COMPANY LAW REFORM - FURTHER DRAFT CLAUSES
RESPONSE ON BEHALF OF THE CHARITY LAW ASSOCIATION
INTRODUCTION
This response is sent on behalf of the Charity Law Association, by the Working Party which responded to the first set of draft clauses earlier this year. The members of the Working Party are:
Francesca Quint (barrister) 11 Old Square (Chair)
Neasa Coen (solicitor) Stone King
Jo Coleman (solicitor) Farrer & Co
Elizabeth Davis (partner) Blake Lapthorn Linnells
Malcolm Lynch (partner) Wrigleys
Andrew Studd (partner) Bates Wells & Braithwaite
Ben Maitland (trainee solicitor) Bates Wells & Braithwaite (Secretary).
There is relatively little in the new draft clauses which interacts with charity law or requires specialist comments from charity lawyers, and we have not commented in any detail on Parts N, O, P, R or S.
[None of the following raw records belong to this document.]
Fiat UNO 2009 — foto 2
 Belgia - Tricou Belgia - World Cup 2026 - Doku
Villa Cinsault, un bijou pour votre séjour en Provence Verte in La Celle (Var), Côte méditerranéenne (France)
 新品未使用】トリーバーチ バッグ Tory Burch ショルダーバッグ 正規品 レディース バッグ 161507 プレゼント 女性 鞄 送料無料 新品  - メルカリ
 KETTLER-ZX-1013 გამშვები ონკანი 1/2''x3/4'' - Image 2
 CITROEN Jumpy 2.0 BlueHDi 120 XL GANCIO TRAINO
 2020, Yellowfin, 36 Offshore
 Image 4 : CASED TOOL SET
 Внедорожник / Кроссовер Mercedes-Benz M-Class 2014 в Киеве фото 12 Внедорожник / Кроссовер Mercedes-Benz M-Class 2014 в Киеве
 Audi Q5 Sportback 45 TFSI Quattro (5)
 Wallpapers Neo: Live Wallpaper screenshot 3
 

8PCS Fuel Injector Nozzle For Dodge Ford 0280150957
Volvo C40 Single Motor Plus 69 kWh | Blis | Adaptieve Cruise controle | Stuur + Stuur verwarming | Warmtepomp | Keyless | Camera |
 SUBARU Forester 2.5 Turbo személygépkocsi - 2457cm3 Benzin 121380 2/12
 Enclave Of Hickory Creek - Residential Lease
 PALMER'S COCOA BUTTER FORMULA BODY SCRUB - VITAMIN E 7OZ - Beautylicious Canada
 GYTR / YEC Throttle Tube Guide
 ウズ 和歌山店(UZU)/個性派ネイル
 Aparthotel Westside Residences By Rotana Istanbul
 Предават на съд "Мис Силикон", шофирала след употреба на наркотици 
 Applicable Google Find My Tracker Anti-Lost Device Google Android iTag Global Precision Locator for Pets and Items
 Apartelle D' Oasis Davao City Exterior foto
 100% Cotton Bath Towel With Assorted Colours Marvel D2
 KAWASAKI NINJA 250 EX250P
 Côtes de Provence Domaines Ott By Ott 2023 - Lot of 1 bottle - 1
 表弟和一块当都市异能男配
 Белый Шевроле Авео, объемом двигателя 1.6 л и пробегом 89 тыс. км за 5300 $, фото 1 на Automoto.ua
As we commented originally, the use of plain language and the increased flexibility and reduction in bureaucracy is most welcome. This is relevant in that many charities are run by volunteers without legal or commercial experience and the proposed reforms will make life much easier for them.
PART L
In particular the provisions of Part L are especially helpful in providing greater flexibility available to the Registrar in the filing of documents (see for example draft clause L13(2)), the informal correction of documents sent to the Registrar (draft clause L14), the giving of notice (draft clause L48) and the new ways of communicating with Companies House, including the emphasis on electronic communication.
PART M
The new exemption for all charitable companies from the requirement to include the word ‘Limited’ in a company’s name (draft clause M8, and see also draft clauses M9 and M10, which continue existing exemptions) are a welcome simplification. The provisions enabling a company’s name to be changed otherwise than by special resolution (draft clause M26) and enabling a conditional change of name to be effected by special resolution (draft Clause M28), are very helpful. The other provisions on company names are admirably clear, but one possibility which might streamline the arrangements would be to give the Charity Commission concurrent powers with the Secretary of State to require inappropriate names to be changed in the case of charitable companies. The Commission already has extensive powers in this respect under s 6 of the Charities Act 1993 and the Charities (Misleading Names) Regulations 1993), which extend to charitable companies, and we suggest that some thought be given to this.
PART Q
Part Q deals with the audit of companies’ accounts and contains some express references to charities. It is useful to have all the relevant provisions in one Part but it has to be said that, at least to the reader who is not an accountant at least, the new provisions appear needlessly complex. The exemption for small companies (as defined on Part G), which otherwise applies to companies with a turnover of up to £5.6m (see draft clause Q3), applies to charitable companies only where the gross income does not exceed £90,000. If the company is a group company, the group turnover cannot be more than £840,000 if the company in question is a charity, but may be up to £6.72m gross (draft clause Q5) otherwise. Draft clauses Q8 to Q13 restate the provisions which currently exempt charitable companies from the requirement to have their accounts audited (unless this is required by 10% of the members or by members holding 10% of the issued share capital (see draft clause Q2)). Where the company qualifies as a ‘small company’ this particular exemption applies if its balance sheet does not exceed £1.4m and its gross income is between £90,000 and £250,000. An accountant’s report will be acceptable in such cases in place of an audit, but under draft clause Q12 the accountant must belong to one of the qualifying bodies, which do not include CIPFA.
7. These provisions should be revisited whether or not the Charities Bill becomes law before the proposed Company Law Reform Bill. Under clause 30 of the Charities Bill the £250,000 upper limit is to be increased to £500,000 and the balance sheet figure of £1.4m to £2.8m. This will necessitate a change to draft clause Q8 if the Charities Bill is passed. Where the charity is a ‘group company’, however, the figure of £840,000 gross for the group turnover is the revised amount which has yet to take effect under the new Charities Act, whereas the current limit is £420,000 gross. It seems therefore that draft clause 10 may need to be amended if the Charities Bill does not become law before the proposed Company Law Reform Bill.